Mrs. Wharton’s health, which had delayed, for some months, the departure of the girls for the city, now seemed fully re-established; Emily, also, seemed better than she had done for years, and it was with light hearts, and many pleasant anticipations, that the three cousins, under the care of Mr. Wharton, started, for the first time, for school.  At about the same time, Lewie, accompanied by his mother, went to Stanwick, and began his school life under the care of Dr. Hamilton.

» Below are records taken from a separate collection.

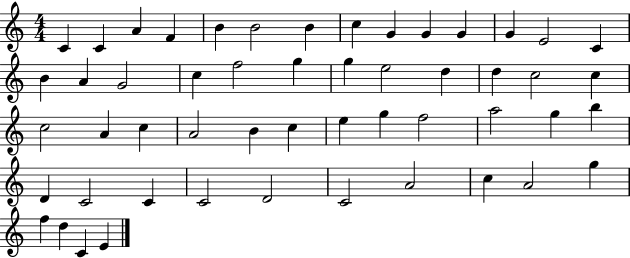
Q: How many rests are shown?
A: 0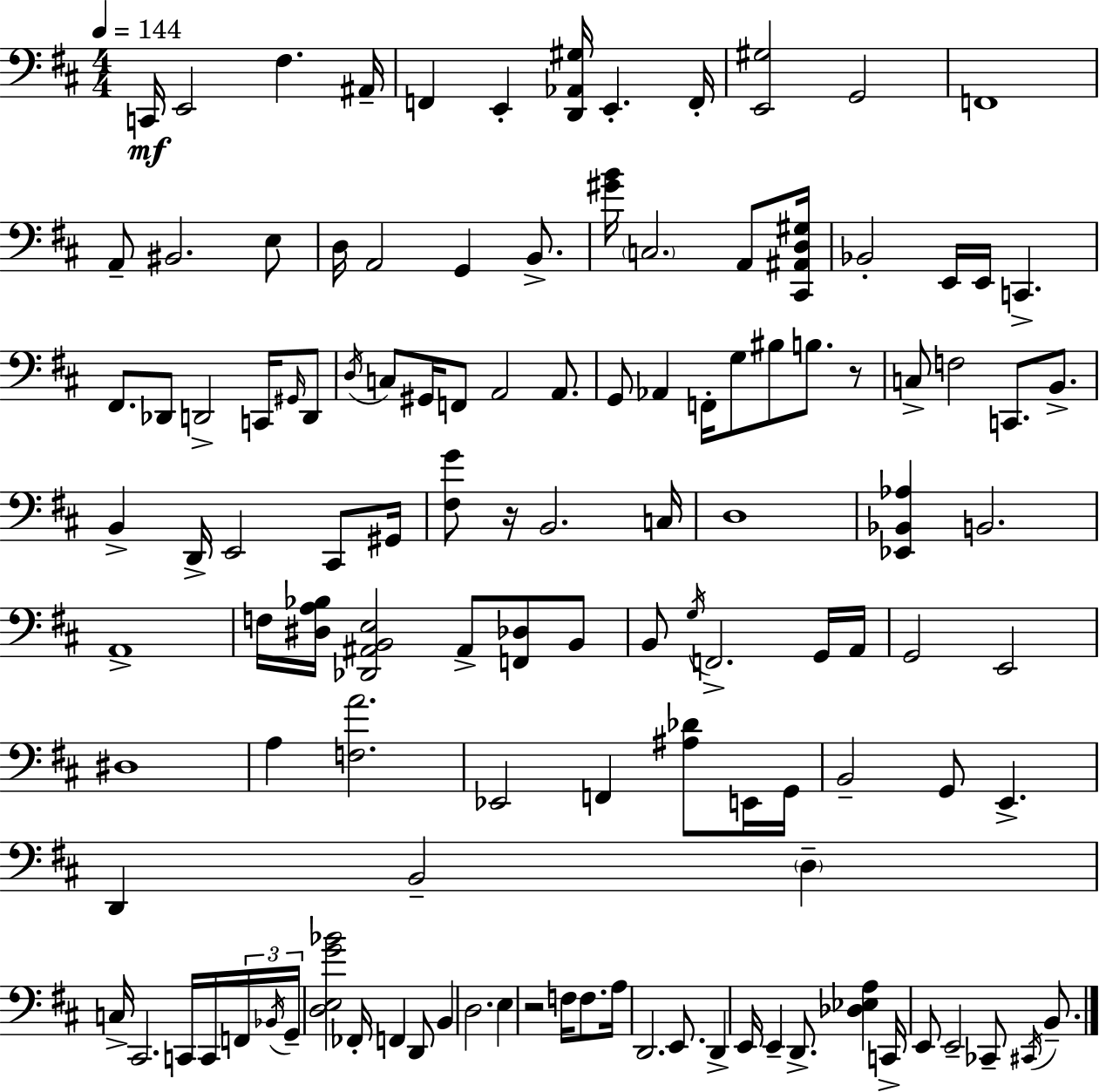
{
  \clef bass
  \numericTimeSignature
  \time 4/4
  \key d \major
  \tempo 4 = 144
  \repeat volta 2 { c,16\mf e,2 fis4. ais,16-- | f,4 e,4-. <d, aes, gis>16 e,4.-. f,16-. | <e, gis>2 g,2 | f,1 | \break a,8-- bis,2. e8 | d16 a,2 g,4 b,8.-> | <gis' b'>16 \parenthesize c2. a,8 <cis, ais, d gis>16 | bes,2-. e,16 e,16 c,4.-> | \break fis,8. des,8 d,2-> c,16 \grace { gis,16 } d,8 | \acciaccatura { d16 } c8 gis,16 f,8 a,2 a,8. | g,8 aes,4 f,16-. g8 bis8 b8. | r8 c8-> f2 c,8. b,8.-> | \break b,4-> d,16-> e,2 cis,8 | gis,16 <fis g'>8 r16 b,2. | c16 d1 | <ees, bes, aes>4 b,2. | \break a,1-> | f16 <dis a bes>16 <des, ais, b, e>2 ais,8-> <f, des>8 | b,8 b,8 \acciaccatura { g16 } f,2.-> | g,16 a,16 g,2 e,2 | \break dis1 | a4 <f a'>2. | ees,2 f,4 <ais des'>8 | e,16 g,16 b,2-- g,8 e,4.-> | \break d,4 b,2-- \parenthesize d4-- | c16-> cis,2. | c,16 c,16 \tuplet 3/2 { f,16 \acciaccatura { bes,16 } g,16-- } <d e g' bes'>2 fes,16-. f,4 | d,8 b,4 d2. | \break e4 r2 | f16 f8. a16 d,2. | e,8. d,4-> e,16 e,4-- d,8.-> | <des ees a>4 c,16-> e,8 e,2-- ces,8-- | \break \acciaccatura { cis,16 } b,8.-- } \bar "|."
}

The boarding-school at which Agnes and her cousins were placed, was under the superintendence of Mrs. Arlington and her daughters, ladies who had received a most thorough education in England, and who had long kept an extensive and popular boarding-school there.  The hope of passing her declining days in the society of an only son, who had some years before emigrated to America, induced Mrs. Arlington, accompanied by her daughters, to follow him, and though it pleased Providence to remove this idolized son and brother, by death, in a little more than a year after their reunion in this country, the mother and daughters determined to remain, and continue their vocation here, where they had very flattering hopes of success.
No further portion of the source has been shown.